I'm telling you now- this little post is gonna be all full up with all ten kinds of SPOILERS, so if you haven't seen this movie yet (if you haven't, well, why haven't you?)- turn back. Turn back before it's too late! Turn back before the spoilers cast their evil gaze upon you, turning you to stone in a flash! Turn back, I tells ya! AAAAIIIIIIEEeeeeeeeeeeeeeee
Err, sorry. Look, it's Friday and I just watched one of my favorite movies and I went a little crazy with the font for a second. I'm better now.
It's spring break time, and a group of college kids head to the island vacation home of their friend Muffy St. John (Deborah Foreman) for a little fun, college kid-style. Being around April 1st, the pranks begin almost immediately on the ferry ride to the island. Unfortunately, one of the jokes goes awry and poor deckhand Buck ends up smooshed between the boat and the pilings. Grody. Not a good way to start a vacation.
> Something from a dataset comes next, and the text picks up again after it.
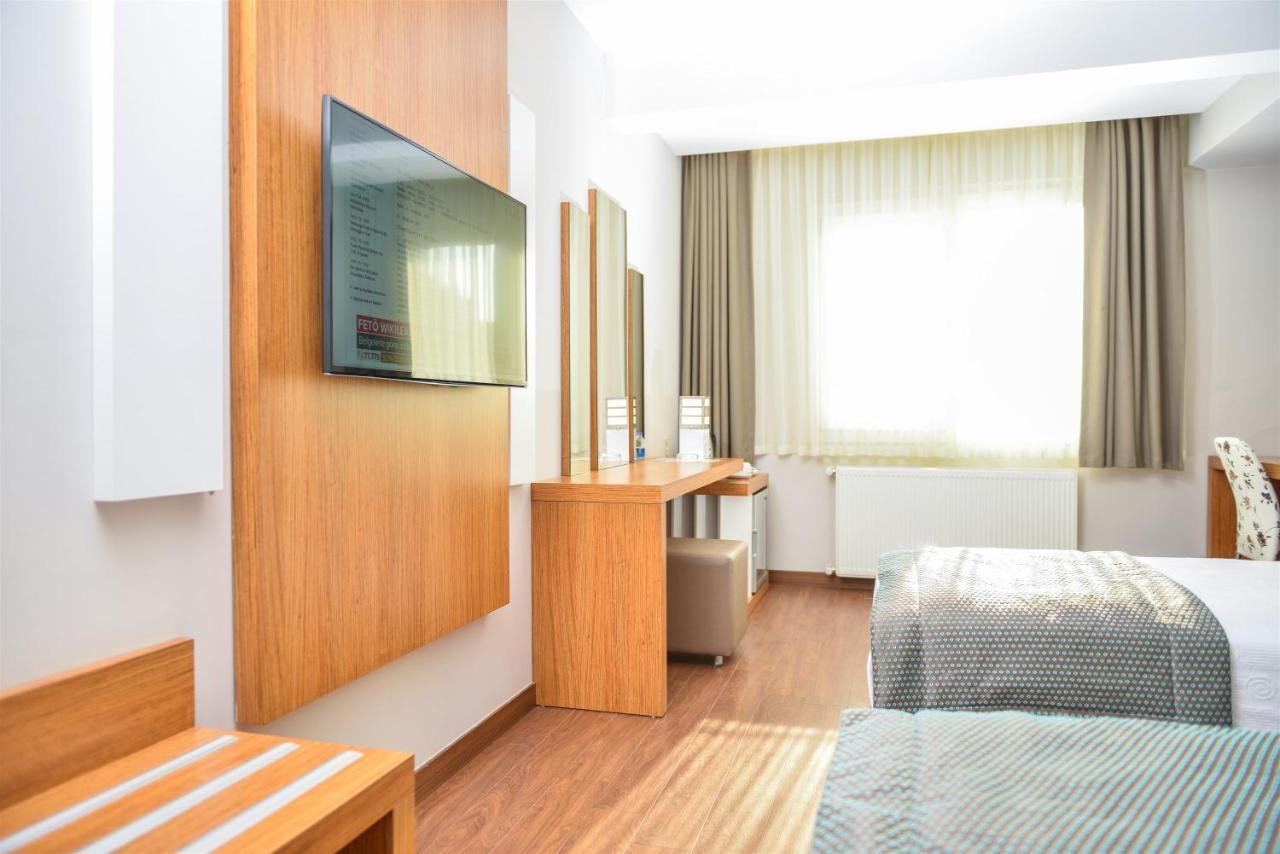 Hakcan Hotel อิซมีร์ ภายนอก รูปภาพ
The jokes continue later on however as Muffy has rigged her house with all sorts of gags: there's collapsing chairs, dribble glasses, sinks that spray water in the face of the user, and so on. In each guest room, there's also a "joke" that serves as a reminder of the guest's dark secret or painful past: S&M gear, drug paraphernalia, newspaper clippings about fatal car accidents, and a reminder of an abortion. Ha ha haa! Whee! April Fool's, everybody!
The 'jokes' set everyone on edge, and soon enough the guests begin to disappear. Meanwhile, Muffy starts acting as if she's stopped taking her meds. She stares off into space, she laughs to herself, she's unkempt, and, as Nikki (Deborah Goodrich) notes, she's suddenly wearing shoes with crepe soles! What the hell has gotten into Muffy?
Once the dead bodies are discovered, the kids phone the constable on the mainland. He sets out for the island with a warning: stay away from Muffy. The warning coupled with Muffy's odd behavior lead everyone to believe that she's the killer...that is, until Rob (Ken Olandt) and Kit (Amy Steel) discover that Muffy has a twin sister Buffy who's been locked away in the nuthouse for three years. Buffy's back, though, and look out: she's nuts, she's wearing crepe soles, and she's killing everyone on the island!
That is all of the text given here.